Increased Downloads at eMusic, Per-Song Label/Artist Payout Decreases
by David Harrell
Increased Downloads at eMusic, Per-Song Label/Artist Payout Decreases
In an early post on this blog, I wrote about the "royalty" rate for songs downloaded at eMusic. But unlike iTunes, which pays a set royalty per download (currently 70 cents), eMusic doesn't have a standard per-song payout rate. Instead, eMusic pays record labels (and independent artists) a set percentage of its subscriber revenues each month. Basically, a label receives a portion of that revenue share proportional to download activity of its tracks as a percentage of all subscriber downloads for the month. (I'm assuming that eMusic went with this business model because it started out with an "all you can eat" subscription plan, without any limits on the number of tracks subscribers could download each month. A set per-song royalty could have been a big money loser, having a revenue-sharing model caps the total payout at set percentage of subscription income.)

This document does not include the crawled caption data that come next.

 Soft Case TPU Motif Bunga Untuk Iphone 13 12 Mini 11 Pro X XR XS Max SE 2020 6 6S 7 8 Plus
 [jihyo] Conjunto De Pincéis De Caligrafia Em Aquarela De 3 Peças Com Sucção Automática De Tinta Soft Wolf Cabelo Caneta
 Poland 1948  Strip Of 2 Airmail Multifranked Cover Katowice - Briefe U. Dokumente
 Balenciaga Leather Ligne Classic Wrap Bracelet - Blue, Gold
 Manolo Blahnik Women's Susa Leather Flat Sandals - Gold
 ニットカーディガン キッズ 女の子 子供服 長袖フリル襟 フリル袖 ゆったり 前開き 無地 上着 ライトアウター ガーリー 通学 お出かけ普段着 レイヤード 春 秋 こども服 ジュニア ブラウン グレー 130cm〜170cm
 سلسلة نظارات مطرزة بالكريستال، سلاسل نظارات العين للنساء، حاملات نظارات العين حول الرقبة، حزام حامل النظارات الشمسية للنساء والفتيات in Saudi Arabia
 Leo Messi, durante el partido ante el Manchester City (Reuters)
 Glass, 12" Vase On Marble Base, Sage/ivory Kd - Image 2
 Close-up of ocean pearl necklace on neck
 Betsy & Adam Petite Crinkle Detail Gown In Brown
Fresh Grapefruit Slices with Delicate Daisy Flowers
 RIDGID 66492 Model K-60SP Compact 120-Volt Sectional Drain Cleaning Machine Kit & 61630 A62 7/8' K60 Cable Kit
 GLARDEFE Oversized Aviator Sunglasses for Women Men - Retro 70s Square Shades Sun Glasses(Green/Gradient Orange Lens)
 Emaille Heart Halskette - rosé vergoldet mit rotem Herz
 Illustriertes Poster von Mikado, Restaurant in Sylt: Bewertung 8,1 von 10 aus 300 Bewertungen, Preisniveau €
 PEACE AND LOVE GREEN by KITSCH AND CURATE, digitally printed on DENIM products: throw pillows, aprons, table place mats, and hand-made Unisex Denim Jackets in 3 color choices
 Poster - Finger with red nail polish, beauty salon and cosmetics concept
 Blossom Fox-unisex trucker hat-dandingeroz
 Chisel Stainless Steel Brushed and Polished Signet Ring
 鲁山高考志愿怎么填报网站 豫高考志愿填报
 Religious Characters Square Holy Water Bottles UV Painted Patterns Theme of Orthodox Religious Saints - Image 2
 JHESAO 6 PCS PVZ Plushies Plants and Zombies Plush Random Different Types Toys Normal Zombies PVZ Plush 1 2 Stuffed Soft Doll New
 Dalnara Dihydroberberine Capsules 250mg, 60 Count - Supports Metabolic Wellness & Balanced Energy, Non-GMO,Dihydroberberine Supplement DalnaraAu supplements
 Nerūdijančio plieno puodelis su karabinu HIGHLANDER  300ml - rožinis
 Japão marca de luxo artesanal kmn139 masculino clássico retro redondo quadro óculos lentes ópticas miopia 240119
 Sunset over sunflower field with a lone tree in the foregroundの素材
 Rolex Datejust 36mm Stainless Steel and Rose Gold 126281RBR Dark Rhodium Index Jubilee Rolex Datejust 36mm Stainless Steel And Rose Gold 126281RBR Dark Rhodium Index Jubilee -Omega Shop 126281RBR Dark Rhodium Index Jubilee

So while the idea of an eMusic "royalty" is something of a misnomer, a per-song rate is eventually worked out for each month, probably calculated by dividing the revenue share amount by the total number of downloads for the month. The resulting payout is therefore inversely correlated to the total number of tracks that eMusic subscribers download each month: Fewer subscriber downloads means more money paid out for each download, more downloads means less money paid per track. There is a limit to how low this rate can drop, however. That limit would be reached if/when ALL subscribers maxed out their downloads each month.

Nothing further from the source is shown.